La familia a través de la sensibilidad, el amor, la empatía, la calma después de la tormenta a través de esta buena película, de la que el propio Kore-eda ha declarado: "Quizás se la película que más lleva de mí. Cuando muera, si debo ir ante Dios o el Juez del Más Allá y me pregunta por lo que hice en la Tierra, creo que lo primero que le enseñaré será Después de la tormenta".
Porque es importante no confundir el momento en que uno visualiza una tormenta, y no debemos confundir Después de la tormenta con Antes de la tormenta (Reza Parsa, 2000), otra sorprendente película ya analizada en Cine y Pediatría, una película sobre el miedo que trastorna las vidas, la de los adultos y la de la infancia.

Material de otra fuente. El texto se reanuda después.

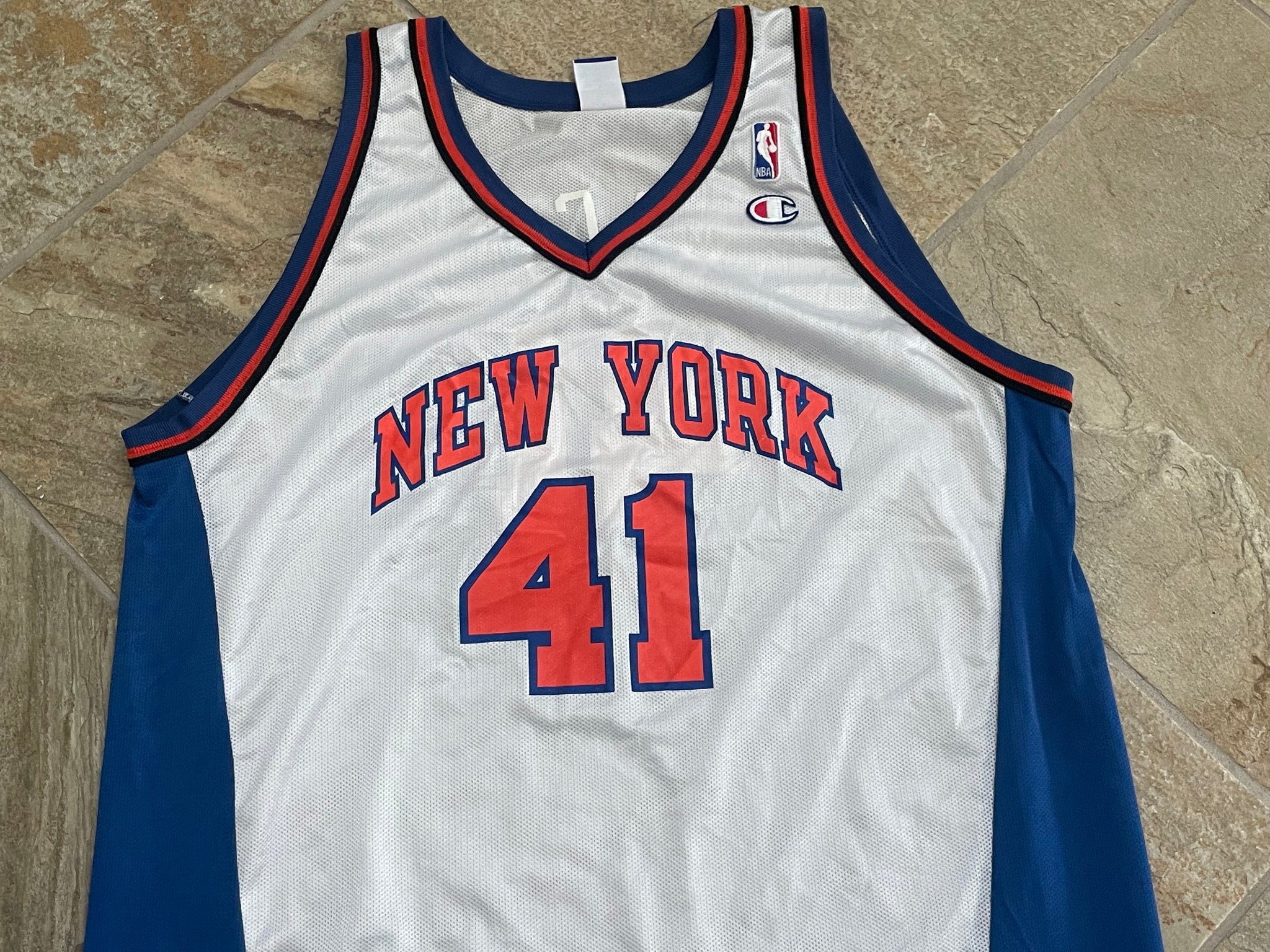 NBA Jersey Tim Thomas REEBOK Authentic Sz 44 VTG Knicks Signed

Sea como sea, ambas películas condensan uno de los pensamientos de Guillermo Ballenato, un psicólogo especializado en comunicación, también docente y escritor: "Del pasado eliminar la culpabilidad. Del presente eliminar la queja. Del futuro eliminar el miedo". O el sabio pensamiento, uno más, de la abuela de nuestra película de hoy: "No se encuentra la felicidad hasta que se es capaz de desprenderse de ciertas cosas".